• [WORK REQUIRED]:
An exact copy is needed of the lines in the entries below from the line with "Make Soccer bean sprouts step 2" up to and including the line with "LAND READY TO BUILD NEAR THE AIRPORT", and of nothing else. Leave the pictures out.

• [EXTRACTED MATERIAL]:
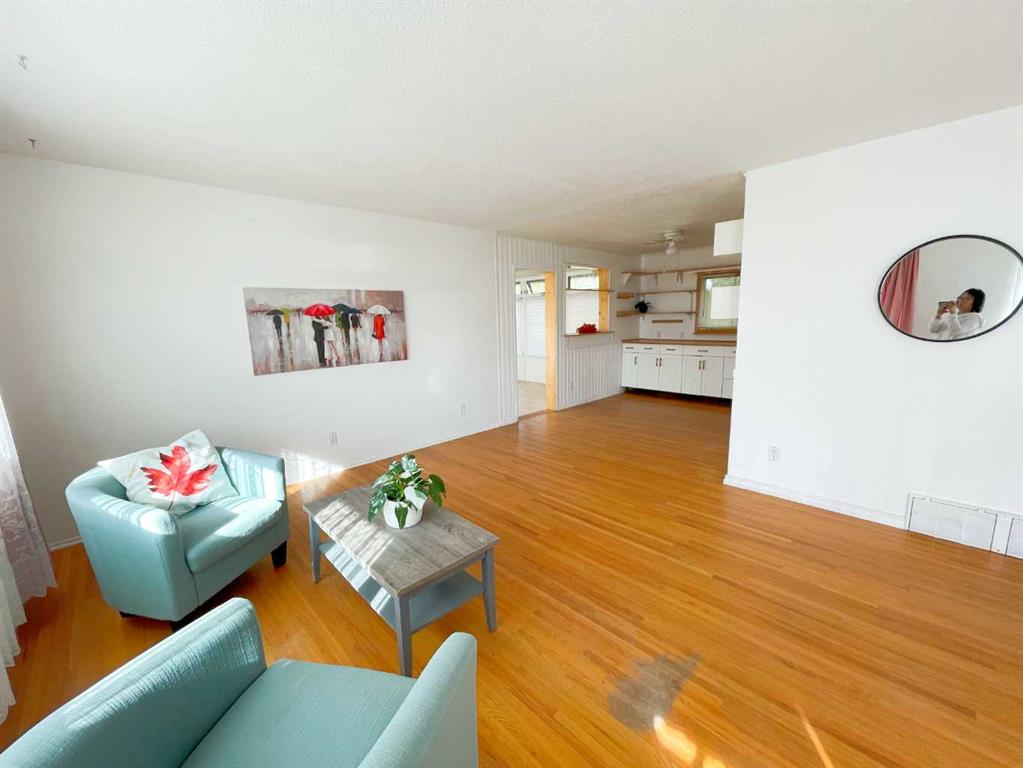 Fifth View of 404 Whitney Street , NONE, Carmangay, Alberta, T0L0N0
---
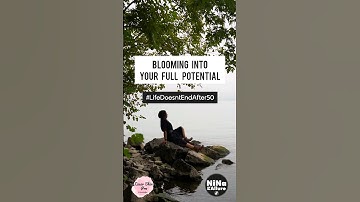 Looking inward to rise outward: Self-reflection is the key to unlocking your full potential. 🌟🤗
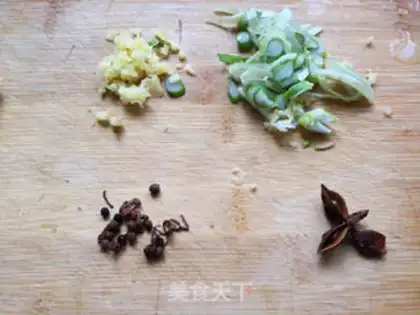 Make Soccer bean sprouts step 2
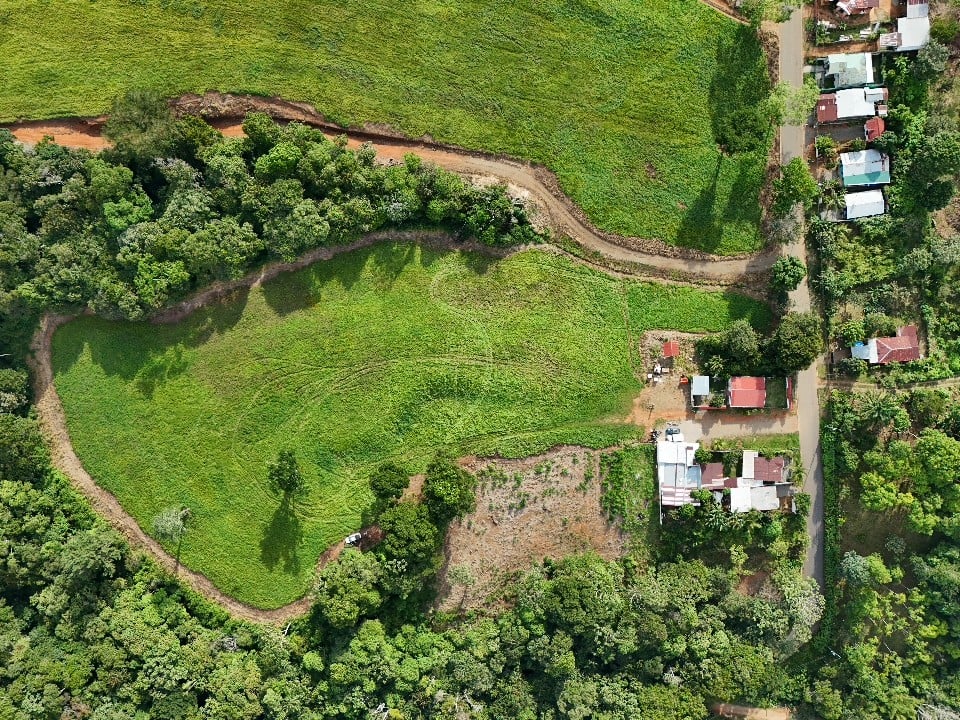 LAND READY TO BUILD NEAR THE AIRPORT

• [ANSWER FOR THIS EXERCISE]:
 Make Soccer bean sprouts step 2
 LAND READY TO BUILD NEAR THE AIRPORT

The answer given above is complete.